Circuit-breaker reset() now broadcasts to peers — kills the cross-task force-open feedback loop

2026-05-06

routercircuit-breakerobservabilitysentinel

LOCKSTEP TRACEABILITY MATRIX --- api_endpoints: ["none — internal pub/sub semantics, route surface unchanged"] sdk_methods_updated: ["none"] mcp_tools_updated: ["none"] ---

What We Built

CircuitBreakerManager.reset() now publishes a recovered: true signal over the existing Redis pub/sub channel, and the subscriber treats that signal as authoritative — peers drop their local entry, including any forcedOpen flag. Without this round-trip, force-opened breakers desync across ECS tasks: one task's sentinel recovery would clear its local entry, but peers (with stale previousStatus = "down") kept republishing forceOpen via the override path, and the recovering task re-imported it. Net result: the breaker stayed stuck.

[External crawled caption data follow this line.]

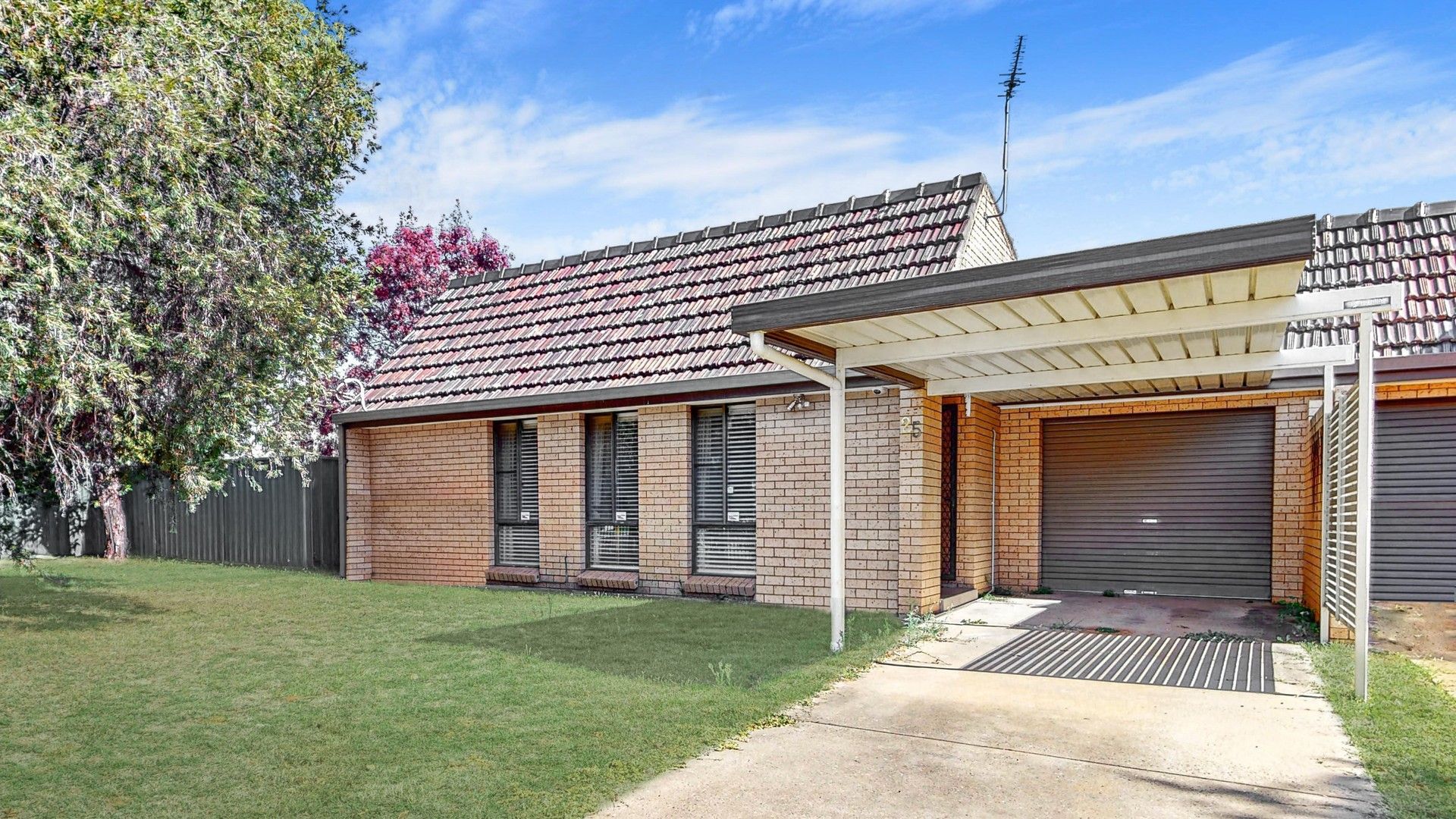 2 bedrooms Duplex in 25 Corbett Avenue DUBBO NSW, 2830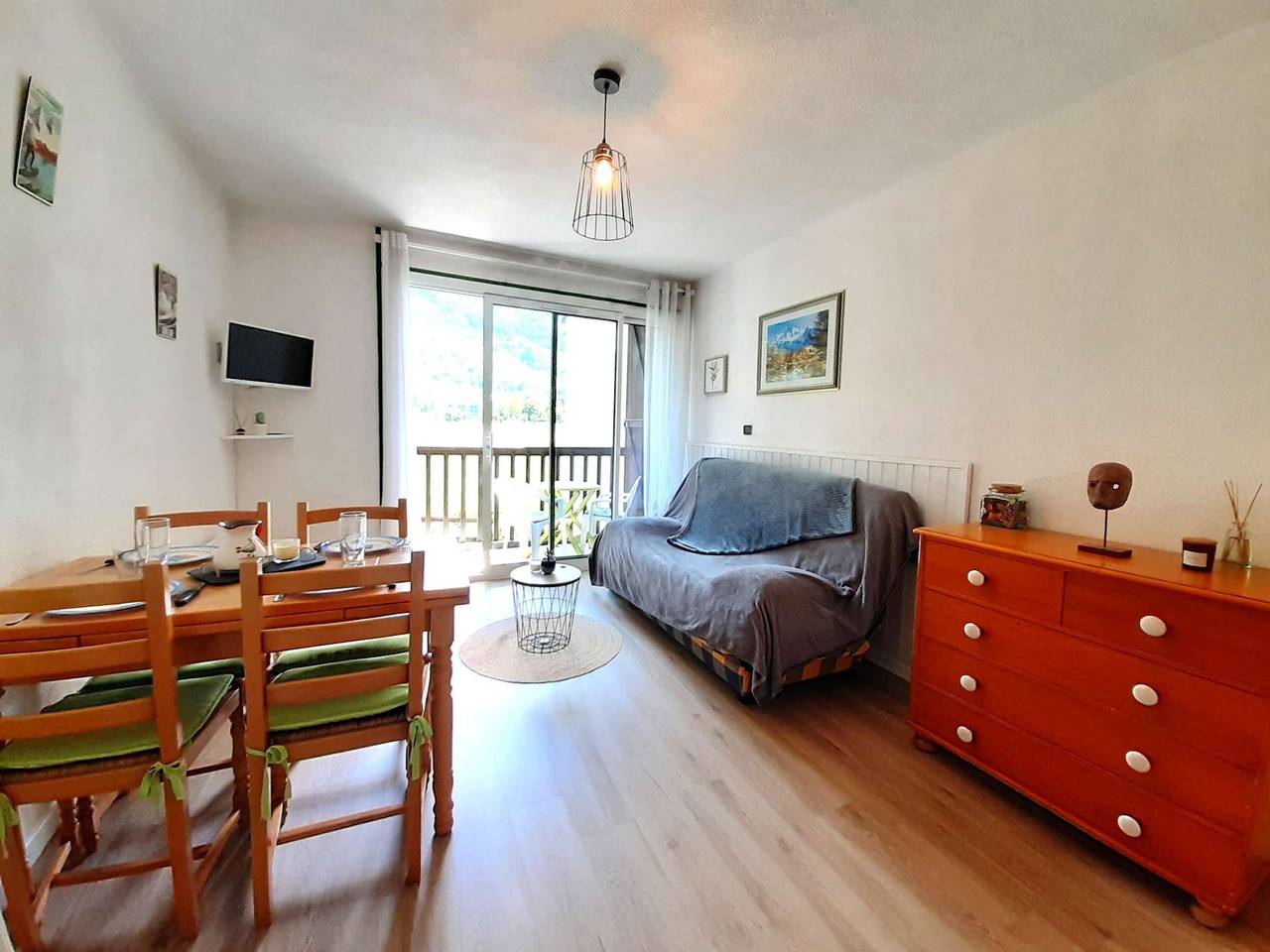 Entire apartment, Cozy apartment with parking - 4 guests in Vielle-Aure, Pyrenees National Park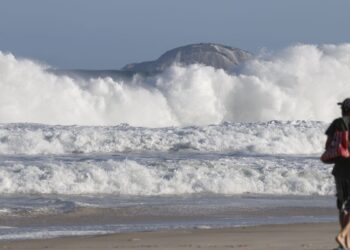 RJ: praias seguem com ressaca e banhistas devem evitar entrar no mar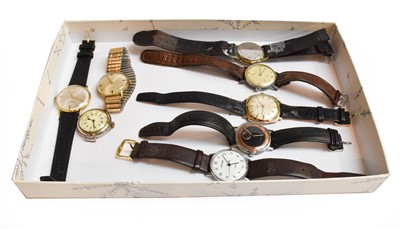 Lot 112 - A selection of gents wristwatches, including,...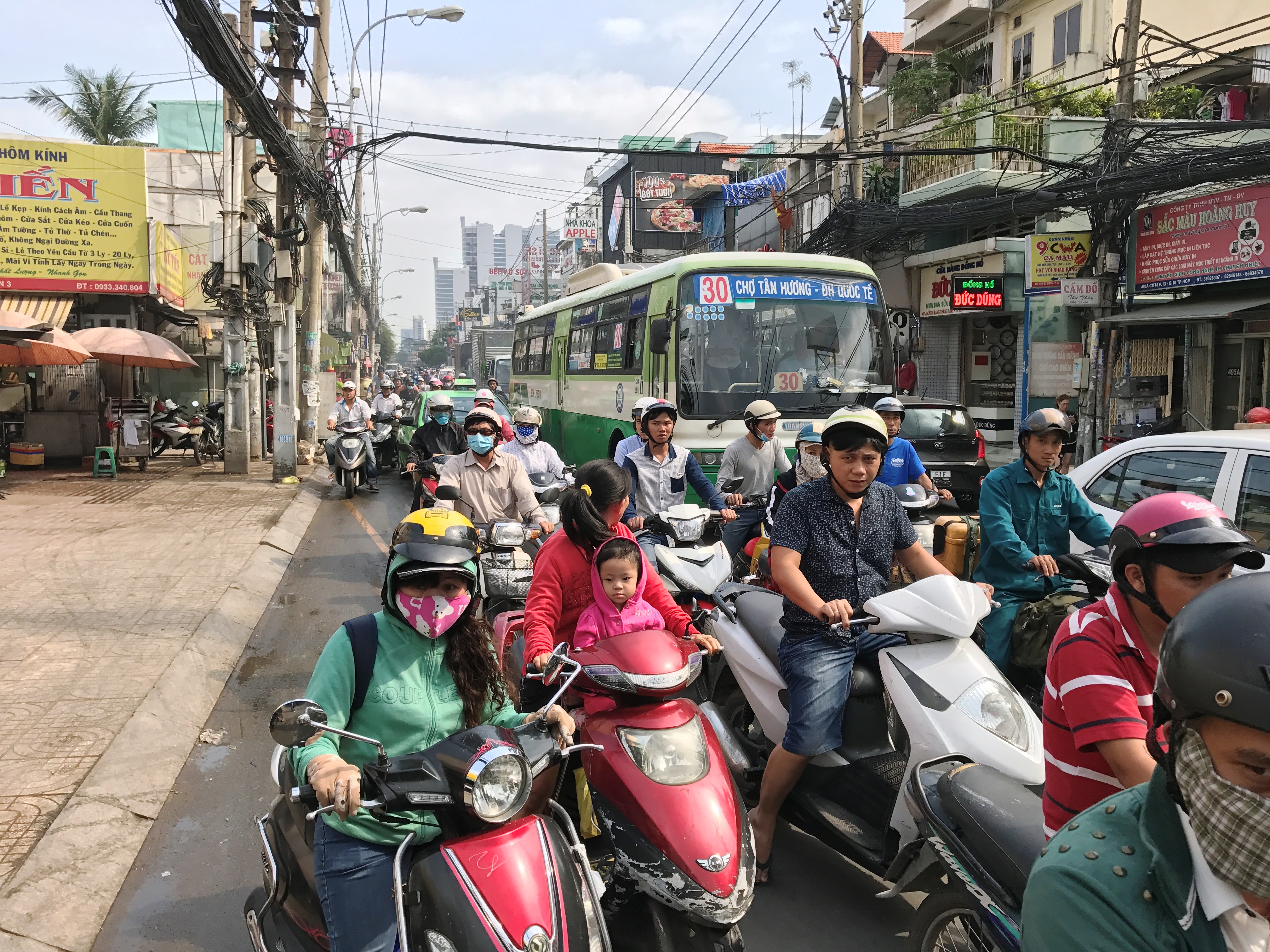 Do nhiều người đến hiện trường theo dõi khiến giao thông trên đường Cách Mạng Tháng Tám bị ùn ứ cục bộ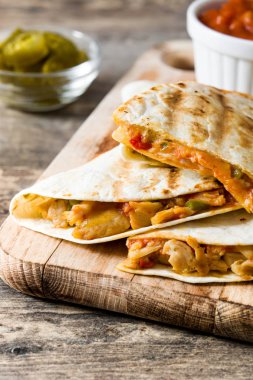 Mexican quesadilla tavuk, peynir ve biber ahşap tablo. 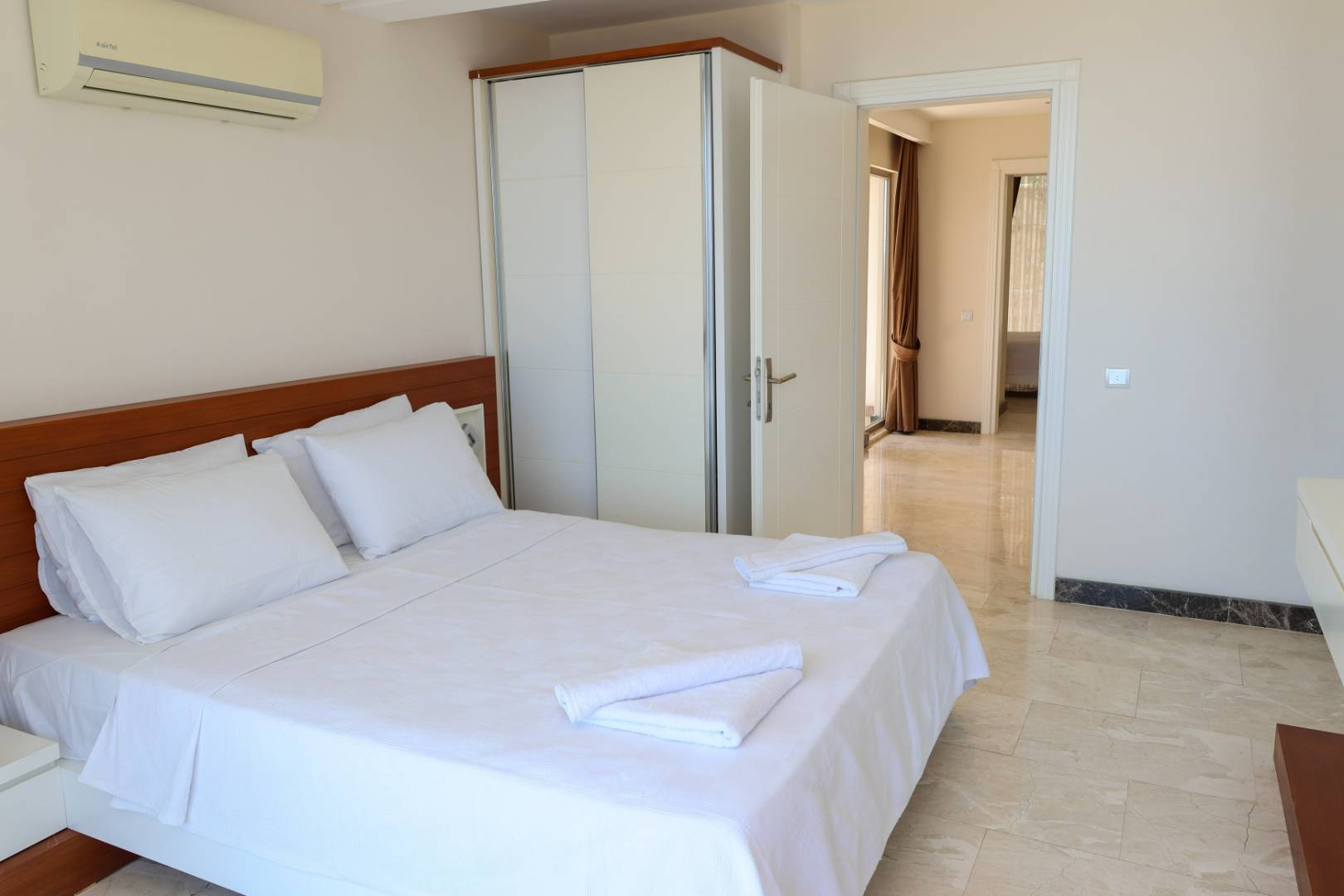 Kaş Kalkan'da Muhteşem Deniz Manzaralı, Özel Havuzlu, Konforlu Villa
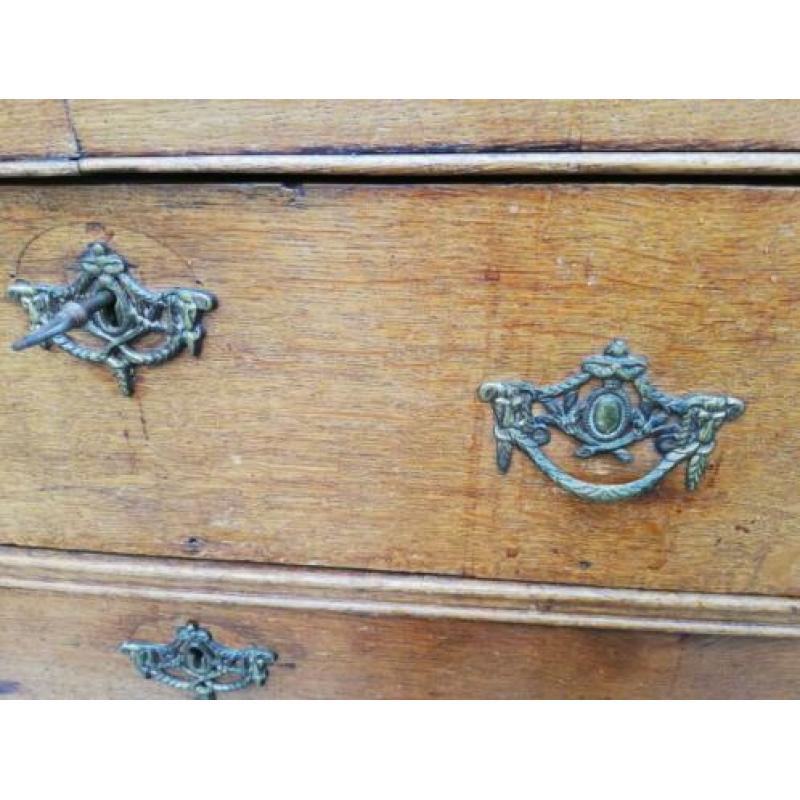 Antieke secretaire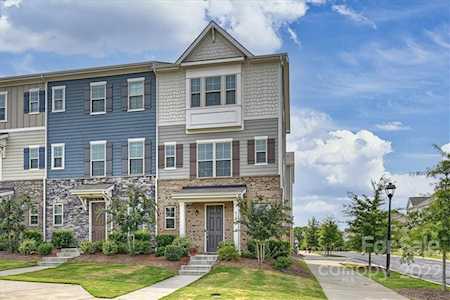 910 Bexton St Charlotte, NC 28273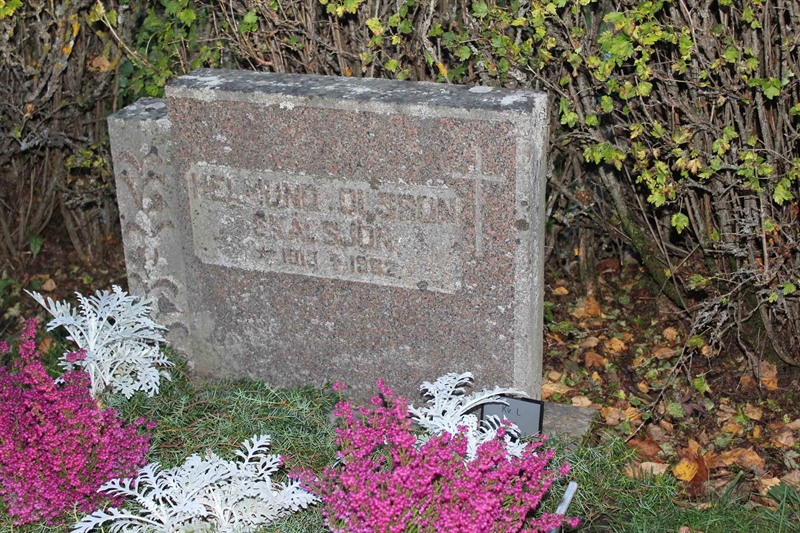 Grave number: A L  613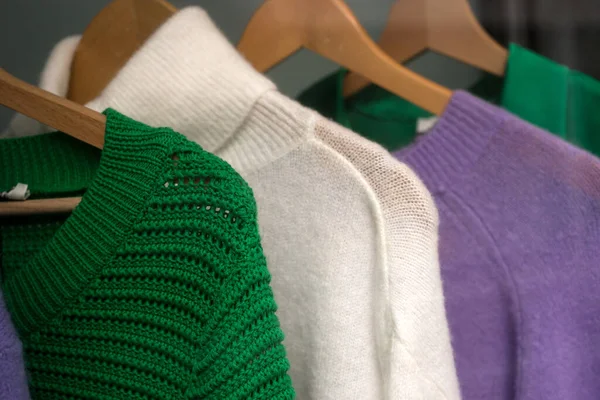 Nahaufnahme Von Bunten Wollpullovern Auf Kleiderbügeln Einem Showroom Eines Modegeschäfts — Stockfoto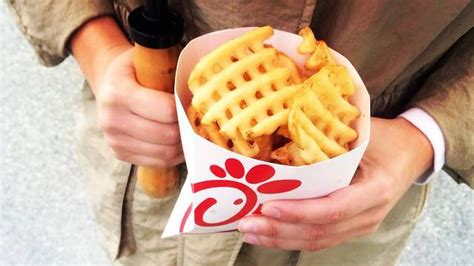 Chick Fil A Customer Starts All Out Brawl Over Waffle Fries Eater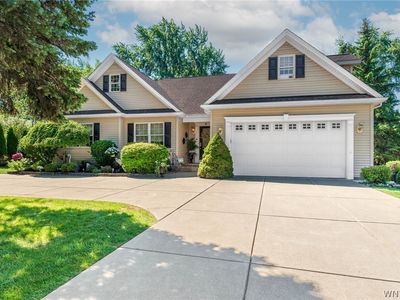 1189 Maple Rd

Also clears the boot-recovery hash entry on reset() so a cold-starting task doesn't re-import the stale open state.

Why It Matters

Caught in production 2026-05-06: a transient DeepSeek completions-probe timeout at 09:42 UTC put both endpoints into force-open. Eleven hours later, the sentinel was still cycling through the same self-reinforcing loop every minute:

probe says healthy but 2/2 circuit breakers are open — overriding to degraded
Circuit force-opened for deepseek::deepseek-chat (permanent failure)
Circuit force-opened for deepseek::deepseek-reasoner (permanent failure)
Provider deepseek: down (2/2 endpoints have open circuit breakers (real traffic failures))

There was zero real DeepSeek traffic failing — the bandit avoided DeepSeek because the breakers were open, so no recordFailure ever happened. The sentinel was the entire cause of the breakers staying open. PR #164 had added a recovery path (previousStatus ∈ {down, auth_error, degraded} + healthy probe → reset), but it was single-task-correct only. Across two ECS tasks, the recovery race meant whichever task hadn't yet hit its own recovery probe republished forceOpen faster than the other task could clear it.

The blast radius: one provider's breakers stuck = that provider gets effectively zero traffic for the full duration, regardless of actual health. With Thompson sampling biased toward proven providers, this can compound across providers.

How It Works

// before
reset(serviceId: string): void {
  this.circuits.delete(serviceId);
  log.info(`Circuit reset for ${serviceId}`);
}

// after
reset(serviceId: string): void {
  this.circuits.delete(serviceId);
  log.info(`Circuit reset for ${serviceId}`);
  if (this.redis) {
    const msg = JSON.stringify({
      serviceId, state: "closed", ts: Date.now(),
      forcedOpen: false, recovered: true,
    });
    this.redis.publish(CircuitBreakerManager.REDIS_CHANNEL, msg).catch(() => {});
    this.redis.hdel(`${CircuitBreakerManager.REDIS_KEY_PREFIX}states`, serviceId).catch(() => {});
  }
}

The subscriber gains a new branch that fires before the existing open/closed handling:

if (data.recovered === true) {
  if (this.circuits.delete(data.serviceId)) {
    log.info(`Peer circuit recovered: ${data.serviceId}`);
  }
  return;
}

The existing contract for plain state: "closed" messages (without recovered: true) is intentionally unchanged — those continue to refuse to clear a force-opened local entry, so a normal half-open success on one task doesn't silently override another task's force-open from a real outage signal.

The Numbers

DeepSeek loop pre-fix: 11+ hours, ~4 sentinel log lines per probe cycle × 60s × 2 tasks = ~480 stuck-loop events per hour
Tests added: 2 cross-task pub/sub tests using a fan-out fake bus (recovered: true propagates clear; plain closed does NOT clear force-open — both contracts pinned)
Code change: ~25 LOC across one file, plus the test infrastructure

Lockstep Checklist

[x] API Routes: No route surface change — internal pub/sub semantics.
[x] TS SDK: No SDK surface change.
[x] Python SDK: No SDK surface change.
[x] MCP Schemas: No tool surface change.
[x] Master Record: No capability change.